International financial regulation
But I think it likely that, in the future, these institutional developments will be seen to be of less significance than a range of individually modest, but collectively important enhancements to the systems of co-operation and co-ordination between institutions. Before explaining those developments in a little more detail, I should take a short step back, to explain how I see the theory of international financial regulation, and how the practice today seems to fall sadly short.
In theory, financial regulation around the world is governed by standards set by three main groups of regulators. For banking, it is the Basel Committee, set up under the auspices of the BIS. For securities firms and markets it is the International Organisation of Securities Commissions (IOSCO), and for insurance companies it is the International Association of Insurance Supervisors (IAIS). The latter two are more recent creations with a wide membership. The former is a much tighter grouping of developed country supervisors only, but one which has earned considerable authority around the globe, largely as a result of the quality of its output. In effect, it also sets standards for countries outside its membership.
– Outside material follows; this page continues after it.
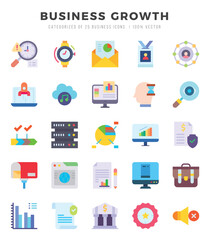 Business Growth elements. Flat web icon set. Simple vector illustration.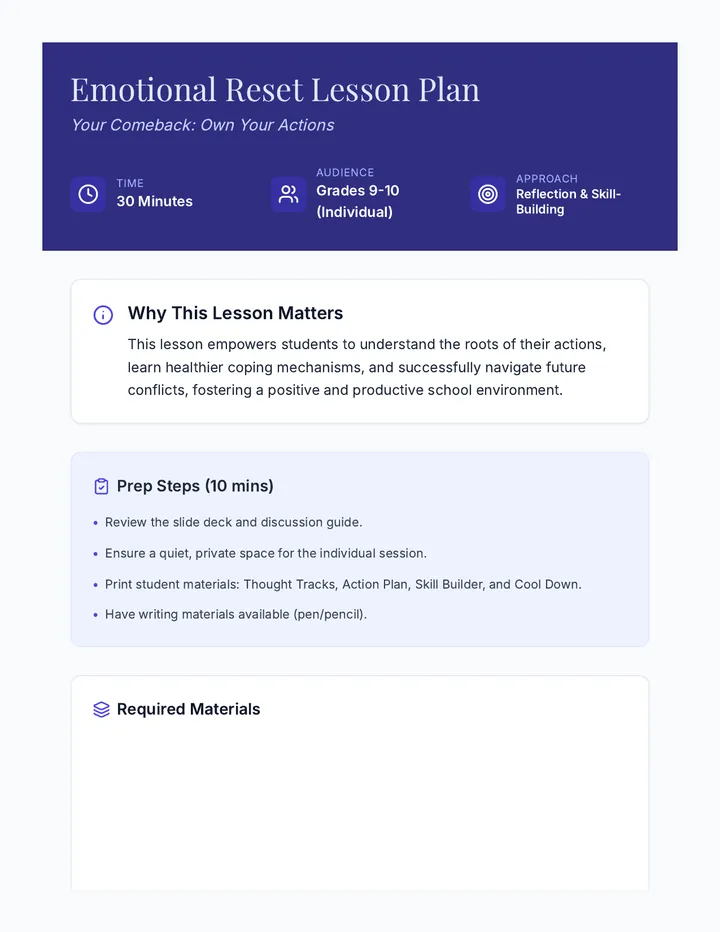 Emotional Reset Lesson Plan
All three organisations have established principles of good regulatory practice, to which most countries in the world are, at least nominally, signed up. These principles describe the appropriate structures for regulation, with requirements for independence from political interference, they set out an approach to capital, and many other desirable features of a soundly regulated financial system. So far, so good.
But these principles do not appear to have been effective in preventing, or perhaps more realistically mitigating, the effects of financial crises. And we can see from the aftermath of the Asian crises that the Korean banking system was not adequately capitalised in line with Basel principles, and in Indonesia and Thailand the available capital was quickly wiped out by a wave of bad debts. Very significant recapitalisation of those banking systems has been subsequently necessary indeed it is a process which remains to be completed. The sums of money involved are enormous. It is estimated that the costs of the banking collapse in both Indonesia and Thailand will amount to more than 40% of GDP, and around 15% in Korea. Should we therefore conclude that the Basel capital standards, for example, set up in response to crises of a similar order in Latin America in the 1980s, are hopelessly inadequate? I do not think so. While there are many problems with the existing structure of the Basel Capital Accord, which are being addressed currently, the better explanation seems to be that banks in Asia were not being properly supervised in line with internationally accepted best practice.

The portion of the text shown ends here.